Note 31    Capital Management

As at March 31, 2023, the capital structure of the Company consists of $0.7 billion (June 30, 2022 - $0.9 billion) in shareholders’ equity and debt.

The Company’s objectives when managing capital are to ensure that there are adequate capital resources to safeguard the Company’s ability to continue as a going concern and maintain adequate levels of funding to support ongoing operations and future growth such that the Company can continue to deliver returns to shareholders and benefits for other stakeholders.

From time to time, the Company may adjust its capital structure in light of changes in economic conditions and the risk characteristics of the Company’s underlying assets. In addition, the Company plans to use existing funds, as well as funds from the future sale of products to fund operations and expansion activities.

Note 32    Subsequent Events

Subsequent to March 31, 2023, the Company issued 2,145,350 common shares under the ATM Program (Note 30(b)) for gross proceeds of
US$1.4 million. The ATM Program ceased in April 2023, concurrently with the expiry of the 2021 Shelf Prospectus.

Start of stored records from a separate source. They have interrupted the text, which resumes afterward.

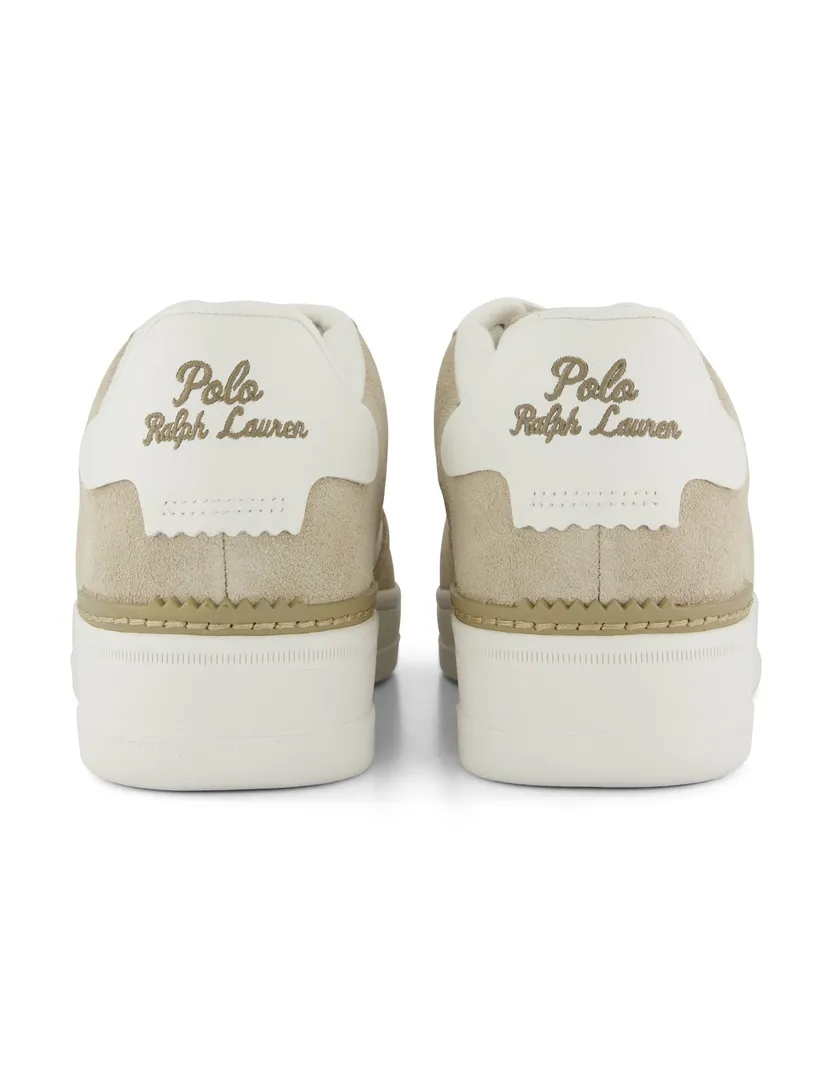 Sneakers Polo Ralph Lauren beige logo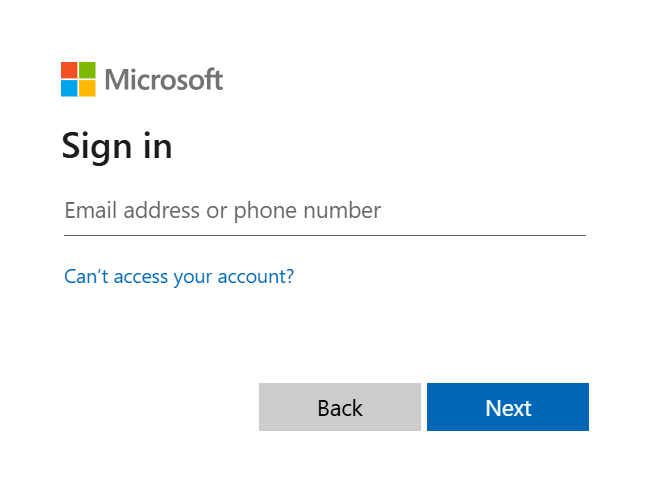 Microsoft Sign-On Page When Using Single Sign-On (Sso).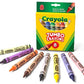 Crayola Jumbo Crayons 8 Pack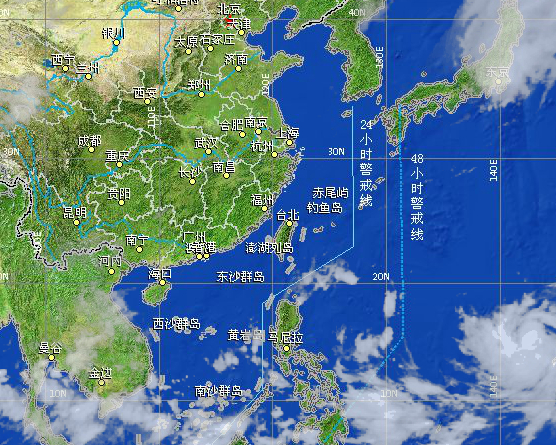 臺(tái)風(fēng)黃蜂可能會(huì)未來幾天后影響上海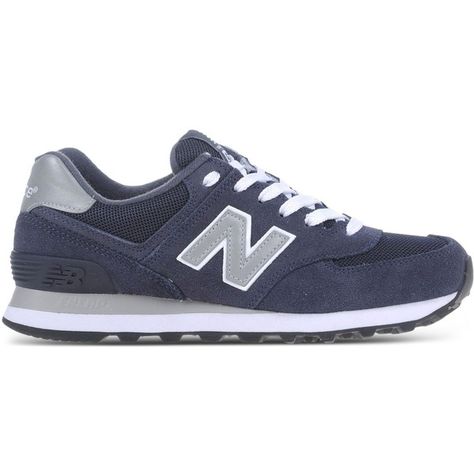 New Balance Low-Tops & Trainers ($100) ❤ liked on Polyvore featuring shoes, sneakers, sapatos, zapatillas, dark blue, new balance, rubber sole shoes, new balance shoes, flat shoes and new balance trainers Dark Blue New Balance, Dark Blue Shoes, New Balance Trainers, Balance Trainers, Shoes New Balance, Logo Shoes, Fashion Shoes Sneakers, Balance Sneakers, Shoe Inspo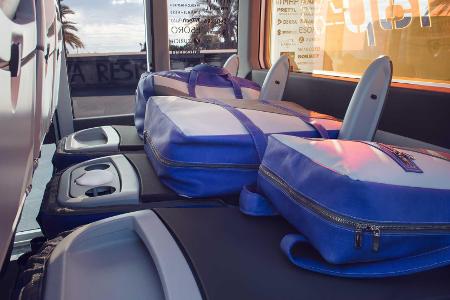 Rinspeed MetroSnap (2020): Modular aufgebautes Elektro-Shuttle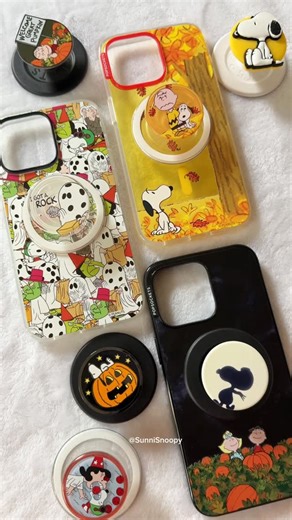 SunniSnoopy on Instagram: "Peanuts Fall designs for your phone from @popsockets they have captured cute scenes from “it’s the great pumpkin, Charlie Brown” 🎃 and fall themed case and pop sockets. So cute! #popsocket #greatpumpkin #snoopy #phonecase #charliebrown #fall #esnupi #peanuts #스누피 #スヌーピー"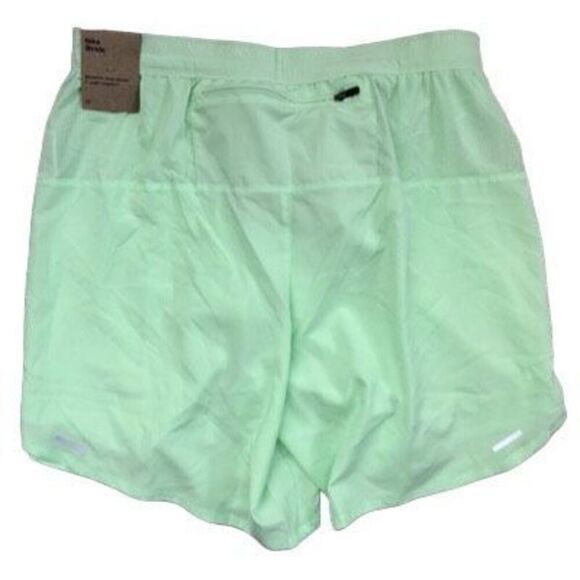 Nike Stride Men's Dri-FIT 7" 2-in-1 Running Shorts Vapor Green/Vapor Green/Vapor - Picture 5 of 7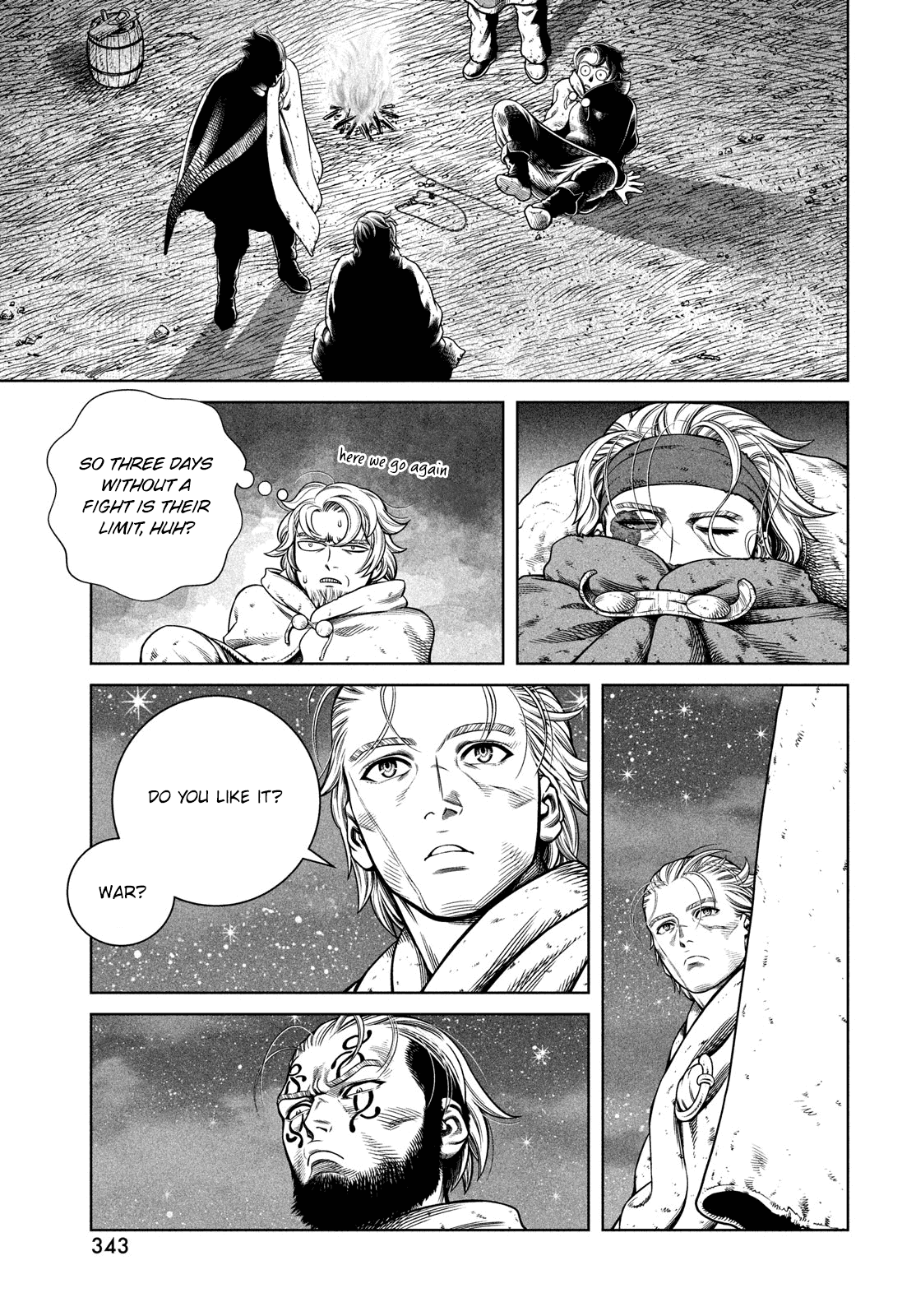 Vinland Saga Chapter 182 page 10 - Chapter 182
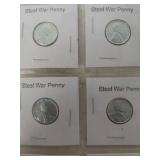 1943 Steel Lincoln Wheat Penny Collection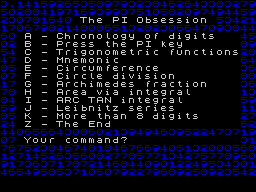 Opening screen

Subsequent to March 31, 2023, the Company repurchased approximately US$50.9 million aggregate principal amount of convertible senior notes for aggregate cash consideration of approximately US$46.0 million, and 6,354,529 Common Shares as consideration for gross proceeds of US$4.0 million.

On April 11, 2023, the Credit Agreement (Note 17) was amended to reduce the Term Loan by $9.7 million to $38.1 million and increase the Revolver by $4.0 million to $12.0 million.

Subsequent to March 31, 2023, the Company filed a short form base shelf prospectus on April 27, 2023 (the “2023 Shelf Prospectus”) in Canada and corresponding registration statement in the United States (the “2023 Registration Statement”). The 2023 Shelf Prospectus and the corresponding 2023 Registration Statement filed with the SEC in the U.S. allow the Company to make offerings of up to US$650 million in Common Shares, warrants, options, subscription receipts, debt securities or any combination thereof during the 25-month period that the 2023 Shelf Prospectus remains effective. The 2023 Shelf Prospectus shall remain effective until May 2025. Of the U.S.$650 million of securities registered under the 2023 Shelf Prospectus, approximately U.S.$409 million is allocated to the potential exercise of currently outstanding warrants issued in financing transactions from 2020 to 2022. As a result, approximately U.S.$241 million is available for potential new issuances thereunder.

On May 24, 2023, the Company formally made the decision to close its Aurora Nordic facility located in Denmark.

On June 13, 2023, the Company formally made the decision to exit the agreement with Growery, one of the license holders entitled to participate in the Netherlands’ still-pending Controlled Cannabis Supply Chain Experiment, in order to focus on other international growth priorities. Upon completion, the Company will not have any material commercial interests in the Netherlands going forward.